Yes, we think that that net number I saw, I think I saw how you got the 17 or 17.1 off of the slide that presented and I would think of that as an kind of an absolute floor because there are some things taken place in that number Scott that are worth I mentioned a couple of items because it's -- it in aggregate I see what a question would come up, so the service charges where I think is the highest value line item in there because it comes from all of our client base, so I'd continue that to grow and reflect 2017 acquisitions.
The wealth management business is really comprised of two, it’s a day-to-day business that you might think of as a trust business coupled with a brokerage business and our leadership there decided to make a change that really was probably a little bit more impactful to the way our revenue shows and moving away from a transactional advice model towards more of an advisory fee model that will have a little bit more steady slope positively through the balance of this year and into 2019 and 2020.
It’s about $300,000 change in the brokerage business alone in the first six months of 2018 maybe a little bit more than we had anticipated. Yes, the client accounts, the client accounts continue to grow.

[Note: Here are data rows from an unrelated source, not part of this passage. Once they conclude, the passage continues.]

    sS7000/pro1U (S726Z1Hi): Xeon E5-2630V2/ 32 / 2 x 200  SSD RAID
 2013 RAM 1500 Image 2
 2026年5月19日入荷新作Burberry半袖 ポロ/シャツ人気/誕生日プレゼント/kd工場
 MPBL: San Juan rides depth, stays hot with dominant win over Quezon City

We had a couple of claims in the bully category last year that weren't repetitive I think I saw that in through six months of 2017 that our line item there was $3 million not one.

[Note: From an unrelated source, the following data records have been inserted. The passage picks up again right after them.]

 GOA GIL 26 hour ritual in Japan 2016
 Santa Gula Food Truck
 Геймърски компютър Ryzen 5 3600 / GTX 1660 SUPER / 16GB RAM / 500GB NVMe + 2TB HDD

So we I did, in short I will wrap up and say that I feel like the core parts of those fee items are kind of as low as they're likely to be at that 17.1 core number absent security sales..
Okay, perfect.
And maybe we kind of reset the bar a little lower but for it sounds like you feel very comfortable to grow off of it this quarter though?.
Yes the other activity that takes place in the other line there, probably the dominant item in there is the interest rate hedges that we actively market to our clients and we had a particularly slow second quarter, it's not a 100 kind of activity it's dozen or so, dozen maybe two dozen transactions in a quarter and so we had a somewhat of a slow second quarter, I think we're going to have a stronger third quarter based on what we've seen so far.
So, in combination I think we feel good about this though the starting spot or the restart as you called it..
Perfect, all right. That sounds good. Thank you guys very much..
You’re welcome..
Okay. And the next question comes from Kevin Reevey with D.A. Davidson. Please go ahead..
So wanted to follow-up on Scott's question related to the fee income in light of fact that your residential mortgage income came in lighter than expected given lack of inventory, how should we think about that particular line item going forward given the continued I assume lack of inventory in your markets?.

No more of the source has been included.